[Data records]
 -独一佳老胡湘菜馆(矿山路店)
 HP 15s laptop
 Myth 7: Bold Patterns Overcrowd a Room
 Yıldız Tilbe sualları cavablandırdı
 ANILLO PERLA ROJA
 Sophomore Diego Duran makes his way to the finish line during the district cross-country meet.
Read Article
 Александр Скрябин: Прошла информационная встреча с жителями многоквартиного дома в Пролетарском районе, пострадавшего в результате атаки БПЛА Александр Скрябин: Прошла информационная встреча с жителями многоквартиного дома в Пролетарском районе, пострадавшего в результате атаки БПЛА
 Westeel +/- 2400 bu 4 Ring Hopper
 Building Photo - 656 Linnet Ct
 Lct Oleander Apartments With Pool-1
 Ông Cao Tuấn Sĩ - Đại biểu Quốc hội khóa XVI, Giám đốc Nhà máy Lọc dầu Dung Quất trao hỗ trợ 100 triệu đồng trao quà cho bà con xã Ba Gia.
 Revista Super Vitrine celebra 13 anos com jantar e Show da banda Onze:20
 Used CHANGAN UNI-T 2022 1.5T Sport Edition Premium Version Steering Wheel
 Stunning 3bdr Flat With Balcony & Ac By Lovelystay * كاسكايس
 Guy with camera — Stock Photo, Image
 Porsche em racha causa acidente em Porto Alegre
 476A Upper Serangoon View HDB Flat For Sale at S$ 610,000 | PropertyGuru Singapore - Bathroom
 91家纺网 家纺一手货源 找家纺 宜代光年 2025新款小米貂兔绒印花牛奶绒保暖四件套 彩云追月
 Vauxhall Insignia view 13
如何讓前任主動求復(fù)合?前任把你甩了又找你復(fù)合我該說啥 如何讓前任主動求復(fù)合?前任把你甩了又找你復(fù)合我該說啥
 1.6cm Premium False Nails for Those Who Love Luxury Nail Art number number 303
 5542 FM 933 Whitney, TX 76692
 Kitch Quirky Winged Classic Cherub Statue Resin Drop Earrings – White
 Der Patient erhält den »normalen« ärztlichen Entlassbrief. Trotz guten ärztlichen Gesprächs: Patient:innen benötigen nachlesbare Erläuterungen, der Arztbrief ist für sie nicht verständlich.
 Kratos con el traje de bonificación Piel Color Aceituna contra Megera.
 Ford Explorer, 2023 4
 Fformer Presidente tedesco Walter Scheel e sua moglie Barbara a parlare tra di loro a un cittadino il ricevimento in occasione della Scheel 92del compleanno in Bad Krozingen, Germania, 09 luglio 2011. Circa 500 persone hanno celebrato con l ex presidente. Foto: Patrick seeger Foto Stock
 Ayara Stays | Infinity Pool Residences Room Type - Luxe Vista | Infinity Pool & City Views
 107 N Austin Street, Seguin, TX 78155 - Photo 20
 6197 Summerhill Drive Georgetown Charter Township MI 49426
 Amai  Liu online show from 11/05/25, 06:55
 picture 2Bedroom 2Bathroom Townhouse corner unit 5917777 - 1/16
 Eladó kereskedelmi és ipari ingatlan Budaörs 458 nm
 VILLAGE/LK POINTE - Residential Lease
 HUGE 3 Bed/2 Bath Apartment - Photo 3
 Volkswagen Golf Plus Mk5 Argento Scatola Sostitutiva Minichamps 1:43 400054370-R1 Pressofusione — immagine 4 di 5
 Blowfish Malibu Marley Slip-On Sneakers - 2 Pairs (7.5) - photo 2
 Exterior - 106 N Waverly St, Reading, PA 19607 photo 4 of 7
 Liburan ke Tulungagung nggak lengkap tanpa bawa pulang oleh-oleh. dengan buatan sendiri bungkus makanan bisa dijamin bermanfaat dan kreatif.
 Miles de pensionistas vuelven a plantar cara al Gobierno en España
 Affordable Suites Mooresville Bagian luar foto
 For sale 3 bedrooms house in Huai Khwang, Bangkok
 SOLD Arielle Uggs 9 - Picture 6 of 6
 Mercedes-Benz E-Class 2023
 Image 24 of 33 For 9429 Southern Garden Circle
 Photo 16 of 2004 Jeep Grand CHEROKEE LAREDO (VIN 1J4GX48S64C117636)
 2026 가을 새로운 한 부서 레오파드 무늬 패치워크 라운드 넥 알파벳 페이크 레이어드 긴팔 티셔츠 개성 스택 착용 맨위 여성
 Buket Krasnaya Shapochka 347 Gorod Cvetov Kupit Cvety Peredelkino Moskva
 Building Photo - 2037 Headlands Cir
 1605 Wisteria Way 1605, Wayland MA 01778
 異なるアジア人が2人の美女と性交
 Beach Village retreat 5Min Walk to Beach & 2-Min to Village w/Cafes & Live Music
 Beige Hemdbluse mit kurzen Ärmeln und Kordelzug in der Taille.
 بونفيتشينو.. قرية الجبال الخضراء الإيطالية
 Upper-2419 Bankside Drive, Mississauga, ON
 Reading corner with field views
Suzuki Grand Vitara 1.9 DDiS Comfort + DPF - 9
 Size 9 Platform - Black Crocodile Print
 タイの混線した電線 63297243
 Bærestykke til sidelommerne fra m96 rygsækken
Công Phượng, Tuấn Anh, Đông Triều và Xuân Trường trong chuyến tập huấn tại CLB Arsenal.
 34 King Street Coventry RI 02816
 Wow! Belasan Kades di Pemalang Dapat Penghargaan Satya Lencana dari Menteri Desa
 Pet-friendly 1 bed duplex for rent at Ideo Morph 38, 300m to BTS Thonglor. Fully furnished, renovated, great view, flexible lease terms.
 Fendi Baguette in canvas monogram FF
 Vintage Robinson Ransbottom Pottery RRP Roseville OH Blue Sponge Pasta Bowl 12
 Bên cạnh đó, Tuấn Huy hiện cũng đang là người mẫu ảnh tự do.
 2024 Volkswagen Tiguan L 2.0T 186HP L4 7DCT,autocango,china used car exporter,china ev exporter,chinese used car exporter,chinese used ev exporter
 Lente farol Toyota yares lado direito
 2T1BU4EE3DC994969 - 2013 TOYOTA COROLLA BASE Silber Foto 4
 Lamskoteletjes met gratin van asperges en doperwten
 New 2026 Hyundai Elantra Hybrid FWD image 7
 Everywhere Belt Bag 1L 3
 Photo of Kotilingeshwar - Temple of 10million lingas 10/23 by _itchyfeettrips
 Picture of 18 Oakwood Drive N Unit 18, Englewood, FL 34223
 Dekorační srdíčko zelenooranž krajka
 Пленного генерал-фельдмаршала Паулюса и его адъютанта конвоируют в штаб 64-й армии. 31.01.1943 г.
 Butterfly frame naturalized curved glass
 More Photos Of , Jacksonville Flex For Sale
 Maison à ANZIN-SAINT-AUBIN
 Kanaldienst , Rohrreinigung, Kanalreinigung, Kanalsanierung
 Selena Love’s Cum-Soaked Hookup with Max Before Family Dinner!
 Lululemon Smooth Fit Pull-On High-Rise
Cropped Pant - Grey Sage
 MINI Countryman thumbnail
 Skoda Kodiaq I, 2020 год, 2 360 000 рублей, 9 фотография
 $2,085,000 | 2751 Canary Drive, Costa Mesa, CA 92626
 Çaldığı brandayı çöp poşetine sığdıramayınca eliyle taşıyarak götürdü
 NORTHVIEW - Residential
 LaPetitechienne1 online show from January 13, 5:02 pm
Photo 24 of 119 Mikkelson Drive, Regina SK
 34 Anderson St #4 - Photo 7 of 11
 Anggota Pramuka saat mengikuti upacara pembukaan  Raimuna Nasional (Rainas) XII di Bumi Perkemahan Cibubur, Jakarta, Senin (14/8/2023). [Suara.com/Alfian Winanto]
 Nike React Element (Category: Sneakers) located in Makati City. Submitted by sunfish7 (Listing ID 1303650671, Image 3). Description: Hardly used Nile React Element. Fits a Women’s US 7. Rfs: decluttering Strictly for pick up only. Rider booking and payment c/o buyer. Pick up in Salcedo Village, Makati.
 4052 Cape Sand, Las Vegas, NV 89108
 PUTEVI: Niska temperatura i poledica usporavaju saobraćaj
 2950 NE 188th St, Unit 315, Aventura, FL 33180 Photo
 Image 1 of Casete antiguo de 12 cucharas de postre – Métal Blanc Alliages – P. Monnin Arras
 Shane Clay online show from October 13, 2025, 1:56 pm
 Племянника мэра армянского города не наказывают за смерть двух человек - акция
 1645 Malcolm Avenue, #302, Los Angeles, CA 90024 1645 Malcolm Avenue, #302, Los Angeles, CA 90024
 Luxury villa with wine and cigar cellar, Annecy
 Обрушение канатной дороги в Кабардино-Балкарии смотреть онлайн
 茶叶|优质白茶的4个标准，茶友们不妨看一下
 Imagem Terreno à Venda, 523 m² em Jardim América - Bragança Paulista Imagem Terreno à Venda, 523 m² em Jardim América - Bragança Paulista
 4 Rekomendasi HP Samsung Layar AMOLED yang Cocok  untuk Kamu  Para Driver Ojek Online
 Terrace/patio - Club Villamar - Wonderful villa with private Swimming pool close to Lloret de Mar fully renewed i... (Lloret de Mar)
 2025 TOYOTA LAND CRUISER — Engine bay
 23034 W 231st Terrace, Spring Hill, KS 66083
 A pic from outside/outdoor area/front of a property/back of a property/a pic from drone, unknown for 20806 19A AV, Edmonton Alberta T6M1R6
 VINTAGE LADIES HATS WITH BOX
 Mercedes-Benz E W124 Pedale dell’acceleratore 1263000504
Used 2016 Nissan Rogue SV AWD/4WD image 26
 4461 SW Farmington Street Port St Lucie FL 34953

→ **WHAT TO WORK ON**
Set down precisely the lines above between the line holding "For sale 3 bedrooms" and the line holding "Bærestykke til sidelommerne", inclusive, and nothing beyond them.

→ **WRITTEN REPLY**
 For sale 3 bedrooms house in Huai Khwang, Bangkok
 SOLD Arielle Uggs 9 - Picture 6 of 6
 Mercedes-Benz E-Class 2023
 Image 24 of 33 For 9429 Southern Garden Circle
 Photo 16 of 2004 Jeep Grand CHEROKEE LAREDO (VIN 1J4GX48S64C117636)
 2026 가을 새로운 한 부서 레오파드 무늬 패치워크 라운드 넥 알파벳 페이크 레이어드 긴팔 티셔츠 개성 스택 착용 맨위 여성
 Buket Krasnaya Shapochka 347 Gorod Cvetov Kupit Cvety Peredelkino Moskva
 Building Photo - 2037 Headlands Cir
 1605 Wisteria Way 1605, Wayland MA 01778
 異なるアジア人が2人の美女と性交
 Beach Village retreat 5Min Walk to Beach & 2-Min to Village w/Cafes & Live Music
 Beige Hemdbluse mit kurzen Ärmeln und Kordelzug in der Taille.
 بونفيتشينو.. قرية الجبال الخضراء الإيطالية
 Upper-2419 Bankside Drive, Mississauga, ON
 Reading corner with field views
Suzuki Grand Vitara 1.9 DDiS Comfort + DPF - 9
 Size 9 Platform - Black Crocodile Print
 タイの混線した電線 63297243
 Bærestykke til sidelommerne fra m96 rygsækken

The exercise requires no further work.